In the neighbouring county of Sussex the agitation against Wolsey's dissolution of monasteries was more serious and led to a riot. Beigham Abbey, "the which was very commodious to the country,"[1] was a monastery of Premonstratensians, and Wolsey had commissioned the bishop of Chichester to visit and inquire into certain alleged scandals there.[2] The religious, however, evidently maintained a hold on the affections of their neighbours, and on the cardinal's proceeding to dissolve the house, under the powers of Pope Clement's bull, the people assembled in "a riotous company, disguised and unknown, with painted faces" and masked. They turned out the agents engaged on the suppression and reinstated the canons. Before separating they begged the religious, if they were again molested, to ring their bell, and they pledged themselves to come in force to their assistance.[3]

Rumour, apparently, attributed to the cardinal even larger schemes of confiscation than were at the time contemplated. No sooner was the bull of Clement VII. put into force than petitions against the exercise of Wolsey's legatine powers were presented to the pope, especially by the Grey Friars and the Franciscan Observants. The latter were very powerful in Rome, and, as the cardinal's agent wrote, the pope may perhaps "give them some brief," but not one derogatory to Wolsey's honour.[4] The cardinal of York himself had also representations made to him against the work in which he was engaged.

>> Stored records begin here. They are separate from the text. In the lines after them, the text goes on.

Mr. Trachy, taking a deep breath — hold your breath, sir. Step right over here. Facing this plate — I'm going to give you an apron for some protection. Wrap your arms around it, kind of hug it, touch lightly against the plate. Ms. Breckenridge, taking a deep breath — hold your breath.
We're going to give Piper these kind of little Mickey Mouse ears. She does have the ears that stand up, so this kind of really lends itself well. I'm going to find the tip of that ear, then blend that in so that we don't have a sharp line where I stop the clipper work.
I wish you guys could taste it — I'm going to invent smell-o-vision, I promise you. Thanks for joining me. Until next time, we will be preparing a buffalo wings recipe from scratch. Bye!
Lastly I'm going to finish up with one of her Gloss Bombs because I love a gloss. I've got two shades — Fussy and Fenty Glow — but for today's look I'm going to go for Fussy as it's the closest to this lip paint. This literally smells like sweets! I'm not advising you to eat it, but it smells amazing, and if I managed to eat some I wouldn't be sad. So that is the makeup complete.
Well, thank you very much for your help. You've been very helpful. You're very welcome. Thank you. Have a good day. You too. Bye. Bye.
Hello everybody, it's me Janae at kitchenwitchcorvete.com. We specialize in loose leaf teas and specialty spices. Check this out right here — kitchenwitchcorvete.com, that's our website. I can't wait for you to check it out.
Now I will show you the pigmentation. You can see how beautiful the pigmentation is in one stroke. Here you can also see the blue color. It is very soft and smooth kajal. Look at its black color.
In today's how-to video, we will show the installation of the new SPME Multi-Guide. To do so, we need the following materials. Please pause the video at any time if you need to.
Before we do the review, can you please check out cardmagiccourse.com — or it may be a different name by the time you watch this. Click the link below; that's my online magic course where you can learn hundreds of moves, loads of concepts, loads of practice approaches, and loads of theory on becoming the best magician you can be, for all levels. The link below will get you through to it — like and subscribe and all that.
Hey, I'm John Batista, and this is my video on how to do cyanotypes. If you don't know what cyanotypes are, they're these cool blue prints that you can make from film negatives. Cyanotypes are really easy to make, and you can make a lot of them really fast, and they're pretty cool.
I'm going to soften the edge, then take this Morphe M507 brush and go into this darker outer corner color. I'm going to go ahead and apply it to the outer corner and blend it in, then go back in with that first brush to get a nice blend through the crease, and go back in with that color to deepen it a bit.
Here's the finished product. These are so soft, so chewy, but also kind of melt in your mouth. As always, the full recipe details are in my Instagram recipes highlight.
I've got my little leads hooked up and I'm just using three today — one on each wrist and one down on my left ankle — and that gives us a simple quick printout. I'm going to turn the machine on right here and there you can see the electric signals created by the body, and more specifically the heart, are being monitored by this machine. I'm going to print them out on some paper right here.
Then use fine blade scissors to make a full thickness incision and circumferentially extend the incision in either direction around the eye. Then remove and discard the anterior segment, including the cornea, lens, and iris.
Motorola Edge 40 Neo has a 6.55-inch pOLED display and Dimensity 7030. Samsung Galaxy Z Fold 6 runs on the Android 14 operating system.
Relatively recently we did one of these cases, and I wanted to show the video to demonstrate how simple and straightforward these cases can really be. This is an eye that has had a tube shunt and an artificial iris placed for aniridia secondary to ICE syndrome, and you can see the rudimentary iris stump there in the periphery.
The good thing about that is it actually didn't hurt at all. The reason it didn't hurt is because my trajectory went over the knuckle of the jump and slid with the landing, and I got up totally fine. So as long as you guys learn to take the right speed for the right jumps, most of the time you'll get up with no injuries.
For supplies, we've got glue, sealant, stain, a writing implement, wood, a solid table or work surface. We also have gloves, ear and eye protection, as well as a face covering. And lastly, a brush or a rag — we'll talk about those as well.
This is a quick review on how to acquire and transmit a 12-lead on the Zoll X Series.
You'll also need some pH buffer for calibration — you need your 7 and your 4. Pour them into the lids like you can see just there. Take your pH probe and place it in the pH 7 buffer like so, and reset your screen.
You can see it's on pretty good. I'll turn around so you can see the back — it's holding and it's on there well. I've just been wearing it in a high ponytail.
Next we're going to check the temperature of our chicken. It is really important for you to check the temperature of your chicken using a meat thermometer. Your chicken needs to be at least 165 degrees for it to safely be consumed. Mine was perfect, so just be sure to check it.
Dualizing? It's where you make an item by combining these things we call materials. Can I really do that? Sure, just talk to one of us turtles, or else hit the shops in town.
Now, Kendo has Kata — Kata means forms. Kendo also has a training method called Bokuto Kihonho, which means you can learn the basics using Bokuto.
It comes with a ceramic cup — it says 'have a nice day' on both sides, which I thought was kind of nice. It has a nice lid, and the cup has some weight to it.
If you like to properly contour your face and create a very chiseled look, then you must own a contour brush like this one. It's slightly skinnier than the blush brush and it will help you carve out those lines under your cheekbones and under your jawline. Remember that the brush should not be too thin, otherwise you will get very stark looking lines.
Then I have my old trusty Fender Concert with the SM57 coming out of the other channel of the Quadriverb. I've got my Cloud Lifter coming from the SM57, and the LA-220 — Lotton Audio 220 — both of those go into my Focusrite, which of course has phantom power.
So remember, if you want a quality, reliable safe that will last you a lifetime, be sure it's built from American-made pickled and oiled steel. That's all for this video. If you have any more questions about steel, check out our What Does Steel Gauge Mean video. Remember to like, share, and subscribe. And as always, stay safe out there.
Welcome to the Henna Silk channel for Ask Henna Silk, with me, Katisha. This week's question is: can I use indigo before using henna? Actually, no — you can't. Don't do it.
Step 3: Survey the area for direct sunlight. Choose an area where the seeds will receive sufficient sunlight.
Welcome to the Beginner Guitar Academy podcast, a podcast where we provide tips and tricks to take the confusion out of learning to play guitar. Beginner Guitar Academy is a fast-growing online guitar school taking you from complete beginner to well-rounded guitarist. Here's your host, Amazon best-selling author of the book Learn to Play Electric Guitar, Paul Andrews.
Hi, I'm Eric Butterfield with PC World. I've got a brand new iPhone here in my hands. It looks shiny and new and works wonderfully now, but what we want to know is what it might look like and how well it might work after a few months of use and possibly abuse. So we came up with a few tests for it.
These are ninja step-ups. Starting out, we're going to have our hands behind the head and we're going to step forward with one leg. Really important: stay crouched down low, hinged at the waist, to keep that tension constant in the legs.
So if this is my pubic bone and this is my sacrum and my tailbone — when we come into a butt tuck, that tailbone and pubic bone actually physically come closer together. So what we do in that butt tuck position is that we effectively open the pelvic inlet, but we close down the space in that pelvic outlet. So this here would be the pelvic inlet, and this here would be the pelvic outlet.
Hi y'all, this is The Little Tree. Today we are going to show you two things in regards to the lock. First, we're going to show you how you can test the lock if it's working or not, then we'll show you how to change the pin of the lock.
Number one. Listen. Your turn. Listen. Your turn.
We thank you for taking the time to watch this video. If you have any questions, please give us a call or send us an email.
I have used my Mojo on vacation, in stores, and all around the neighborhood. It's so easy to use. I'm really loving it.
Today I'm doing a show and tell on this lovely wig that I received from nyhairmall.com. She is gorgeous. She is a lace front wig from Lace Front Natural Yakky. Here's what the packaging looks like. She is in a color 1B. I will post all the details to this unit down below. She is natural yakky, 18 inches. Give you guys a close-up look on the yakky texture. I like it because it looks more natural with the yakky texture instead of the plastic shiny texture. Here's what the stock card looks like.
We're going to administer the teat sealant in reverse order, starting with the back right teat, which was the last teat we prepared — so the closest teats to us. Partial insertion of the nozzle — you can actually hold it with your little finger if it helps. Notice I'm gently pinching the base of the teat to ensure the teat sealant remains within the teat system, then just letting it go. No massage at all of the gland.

The Duke of Suffolk, for example, wrote to him in favour of the priory of Conished, in Lancashire, which by common report had been doomed to extinction. The monastery, he said, was "a great help to the people," and "the prior of good and virtuous disposition."[5]

Complaints were also carried to the king of the harsh and unjust way in which Wolsey's agents, Dr. Allen and Thomas Crumwell, were conducting the suppressions and the visitations of the religious houses upon which they were then engaged. Early in 1525 the cardinal had been informed by Sir Thomas More that complaints had been made to Henry, "touching certain misorders supposed to

  1. Hall, ut sup., fol. 143.
  2. Calendar, iii. 1252.
  3. Hall, ut sup.; Ellis, Orig. Lett., 2nd Ser., iii. p. 57.
  4. Calendar, iii. No. 1521.
  5. Ibid., No. 1253.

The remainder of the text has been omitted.